# WORK TO BE COMPLETED
In the records that follow, show each line where the word "Glass" is present.

****************

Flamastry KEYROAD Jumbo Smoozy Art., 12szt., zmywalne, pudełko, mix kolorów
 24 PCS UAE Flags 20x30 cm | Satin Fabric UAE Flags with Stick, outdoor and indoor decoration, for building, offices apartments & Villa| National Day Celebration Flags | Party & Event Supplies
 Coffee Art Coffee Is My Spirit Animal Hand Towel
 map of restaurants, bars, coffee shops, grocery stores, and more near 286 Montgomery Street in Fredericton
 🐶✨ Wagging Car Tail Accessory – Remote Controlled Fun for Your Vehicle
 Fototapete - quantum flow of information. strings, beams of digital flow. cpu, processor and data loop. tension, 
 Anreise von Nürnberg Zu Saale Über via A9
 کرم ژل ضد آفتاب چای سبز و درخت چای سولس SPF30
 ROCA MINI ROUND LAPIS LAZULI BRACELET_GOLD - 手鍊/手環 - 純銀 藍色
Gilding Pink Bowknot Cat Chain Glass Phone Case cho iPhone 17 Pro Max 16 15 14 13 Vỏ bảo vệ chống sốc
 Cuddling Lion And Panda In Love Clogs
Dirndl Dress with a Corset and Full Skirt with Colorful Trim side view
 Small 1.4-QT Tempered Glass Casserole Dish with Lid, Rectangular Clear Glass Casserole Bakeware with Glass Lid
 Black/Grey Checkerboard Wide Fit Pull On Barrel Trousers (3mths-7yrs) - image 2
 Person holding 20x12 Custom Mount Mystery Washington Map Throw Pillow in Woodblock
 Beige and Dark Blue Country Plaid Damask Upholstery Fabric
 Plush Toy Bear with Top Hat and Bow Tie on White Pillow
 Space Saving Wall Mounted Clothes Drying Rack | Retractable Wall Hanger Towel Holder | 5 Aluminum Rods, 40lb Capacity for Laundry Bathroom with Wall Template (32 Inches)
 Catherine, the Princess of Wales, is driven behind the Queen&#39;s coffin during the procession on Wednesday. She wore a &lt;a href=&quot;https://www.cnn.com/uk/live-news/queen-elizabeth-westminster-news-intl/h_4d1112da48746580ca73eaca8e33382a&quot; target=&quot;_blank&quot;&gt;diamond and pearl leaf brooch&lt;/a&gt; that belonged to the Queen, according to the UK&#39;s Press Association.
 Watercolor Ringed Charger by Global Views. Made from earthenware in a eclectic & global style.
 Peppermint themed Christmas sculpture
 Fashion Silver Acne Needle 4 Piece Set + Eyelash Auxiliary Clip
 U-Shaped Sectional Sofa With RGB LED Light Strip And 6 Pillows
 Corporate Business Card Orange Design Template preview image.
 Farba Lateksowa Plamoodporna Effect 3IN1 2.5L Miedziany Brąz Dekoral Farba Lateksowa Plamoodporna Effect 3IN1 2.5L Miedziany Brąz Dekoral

****************

# SOLUTION TO THE PROBLEM
Gilding Pink Bowknot Cat Chain Glass Phone Case cho iPhone 17 Pro Max 16 15 14 13 Vỏ bảo vệ chống sốc
 Small 1.4-QT Tempered Glass Casserole Dish with Lid, Rectangular Clear Glass Casserole Bakeware with Glass Lid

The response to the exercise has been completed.